▽

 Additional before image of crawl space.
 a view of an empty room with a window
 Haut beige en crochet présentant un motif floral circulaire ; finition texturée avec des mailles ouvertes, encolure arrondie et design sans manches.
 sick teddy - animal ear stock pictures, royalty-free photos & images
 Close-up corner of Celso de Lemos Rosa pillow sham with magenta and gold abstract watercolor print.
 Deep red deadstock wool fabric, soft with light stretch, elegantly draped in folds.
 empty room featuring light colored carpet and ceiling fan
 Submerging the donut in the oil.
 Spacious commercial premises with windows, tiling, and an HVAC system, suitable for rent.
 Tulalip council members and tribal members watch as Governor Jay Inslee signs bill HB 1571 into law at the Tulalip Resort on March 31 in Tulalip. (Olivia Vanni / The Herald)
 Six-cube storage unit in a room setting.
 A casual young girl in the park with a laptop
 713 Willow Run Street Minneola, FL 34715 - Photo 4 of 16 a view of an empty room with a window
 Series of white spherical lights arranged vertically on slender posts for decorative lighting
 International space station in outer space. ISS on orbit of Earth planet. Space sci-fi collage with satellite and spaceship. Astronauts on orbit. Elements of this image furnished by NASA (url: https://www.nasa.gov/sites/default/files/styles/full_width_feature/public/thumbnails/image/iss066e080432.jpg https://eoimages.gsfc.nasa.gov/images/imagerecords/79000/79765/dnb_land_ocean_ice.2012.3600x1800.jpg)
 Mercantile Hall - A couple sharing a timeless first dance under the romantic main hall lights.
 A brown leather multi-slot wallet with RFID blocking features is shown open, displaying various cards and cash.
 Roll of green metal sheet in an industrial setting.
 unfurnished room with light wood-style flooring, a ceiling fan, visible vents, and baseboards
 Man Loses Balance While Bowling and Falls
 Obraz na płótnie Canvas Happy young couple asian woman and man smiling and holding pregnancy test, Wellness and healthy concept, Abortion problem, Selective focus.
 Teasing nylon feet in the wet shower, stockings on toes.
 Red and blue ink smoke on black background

△

[EXERCISE INSTRUCTIONS]:
Find how many lines of the listing include the word "empty", and state that number by itself.

[THE COMPLETED TASK]:
3